De allí, salió un fuerte olor a dulzor; Miguel entonces supo de qué se trataba. Era una moledora de marihuana.
—Todavía es marihuano —dijo Miguel, despectivo—. No se podía esperar otra cosa de un sujeto del callao...
Caminò hacia un costado de la habitación, y abrió una puerta que daba a un espacio exterior; era el patio trasero.
Miguel allí, entonces quedó encantado. Lanzò un silbido al aire.
—Acà sì tiene bien bonito... —susurrò, adentrándose al lugar.
Era un patio trasero con bastantes plantas, una linda banca de madera en un rincón, y una campana de viento colgando de una cuerda. Habìa dos arbustos, y varias plantitas en maceteros bien cuidadas. Por allí, Miguel alcanzó también a distinguir unas figuras de duendecillos y nomos en el césped.
—Chucha, que miedo... —dijo, bebiendo otro sorbo—. Siempre he encontrado rara a la gente que tiene nomos en sus patios.
Desde allí, Miguel alcanzó también a divisar la ventana de la habitación de Manuel; era el único lugar de la casa que tenía conexión con el patio trasero.
Miguel se quedó un rato allí, sintiendo el leve ruidito de las hojas sacudidas por el viento. Y, cuando sintió que ya había admirado lo suficiente dicho lugar de la casa, entonces volvió a la habitación de Manuel para recoger sus cosas y partir hacia su apartamento.
Apenas entró en la habitación de Manuel, recogiò su bolso —que, para fortuna suya, tenía los ochocientos soles en su interior—, y se metió el celular al bolsillo.
Y cuando tuvo la disposición de retirarse, de reojo observó algo que también llamó su atención; en una esquina de la habitación de Manuel, yacían fotografías de antaño, lo que parecía algo así como un álbum familiar.
Miguel retrocedió unos cuantos pasos y observó de lejos.
—Què interesante... —se dijo a sì mismo, y se volvió completamente hasta el lugar; dejó el bolso en la orilla de la cama y observó las fotografías de cerca.

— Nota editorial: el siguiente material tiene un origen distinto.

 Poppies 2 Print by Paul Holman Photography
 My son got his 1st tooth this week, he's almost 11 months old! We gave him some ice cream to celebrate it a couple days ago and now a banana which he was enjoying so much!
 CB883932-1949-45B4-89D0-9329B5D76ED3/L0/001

Miguel era muy curioso, y siempre había pensado que, de haber estudiado una carrera ligada a la investigación, èl habría sido uno de los mejores en tal ámbito.

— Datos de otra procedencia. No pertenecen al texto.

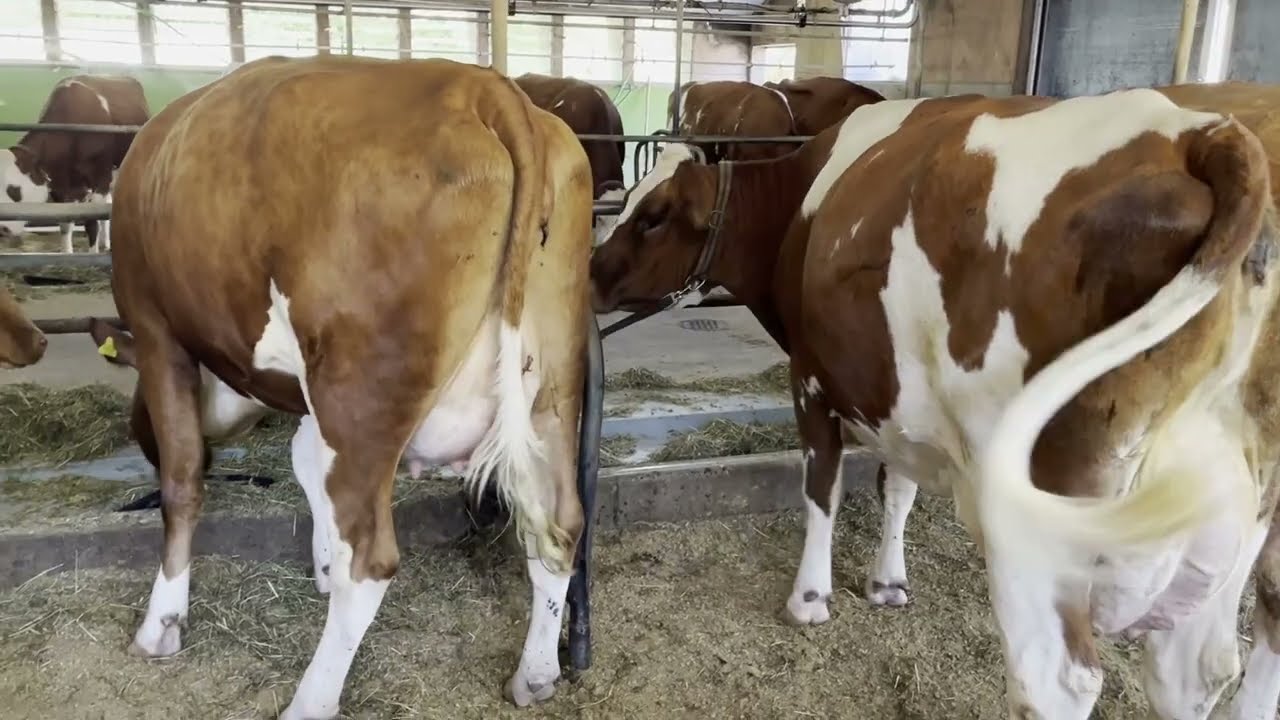 Familie Mast gelangen vier Generationen mit je 100 000 kg Lebensleistung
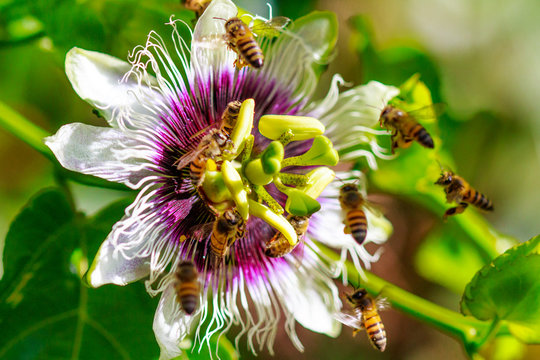 Abelhas na flor de maracuj&aacute;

Era curioso, y en ocasiones bien chismoso.
—Oh, ese es èl... —observó en una fotografìa—. Era un niño; se ve tierno...
En una fotografía yacìa un pequeño Manuel de siete años en la orilla de un rìo con una radiante sonrisa y un pescado en la mano; al parecer mostraba los resultados de su dìa de pesca.
En otras fotos se observaba también a familiares; madre, padre, hermanos...

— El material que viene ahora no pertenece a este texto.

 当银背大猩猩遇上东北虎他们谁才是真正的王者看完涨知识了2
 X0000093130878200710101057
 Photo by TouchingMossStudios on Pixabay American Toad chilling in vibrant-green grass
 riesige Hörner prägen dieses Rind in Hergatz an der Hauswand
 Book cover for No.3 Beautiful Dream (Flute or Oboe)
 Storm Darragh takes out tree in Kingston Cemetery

O eso es lo que Miguel dedujo de todo ello.
Pero entonces, dos fotografías llamaron su atención. Se detuvo en ese instante.
—Eso es...
La fotografía de un niño pequeño que, no sobrepasaba los tres años de edad —a juicio de Miguel—, se veìa en grande en los recuerdos de Manuel. Era un niño con cabello negro, y ojos castaños. Sonreía y sostenía un camión de juguete en su manita. Se le veìa muy contento.
A Miguel le vino de pronto una sensación cálida al pecho; se sobresaltò.
—Es un bebè... —musitò—. ¿Serà su sobrinito?
En la otra fotografía entonces, Miguel observó otra imagen que llamó su atención. Esta vez Miguel no sintió una sensación càlida, sino que un aura de angustia le invadió.
Se sintió extraño; Miguel sacudió su cabeza.
En la fotografía estaba Manuel ya adulto, con una mujer que parecía ser de su edad. En dicha imagen, Manuel parecía varios años màs joven, y yacìa sentado en lo que parecía ser un parque. La mujer, en cambio, aparecía arrodillada por detrás y abrazando a Manuel. La mujer tenía el cabello algo rojizo y ojos castaños. Ambos se veían contentos y cercanos.
—Es una fotografía feliz, supongo... —dijo Miguel—; ¿por què entonces siento algo triste provenir de ahì?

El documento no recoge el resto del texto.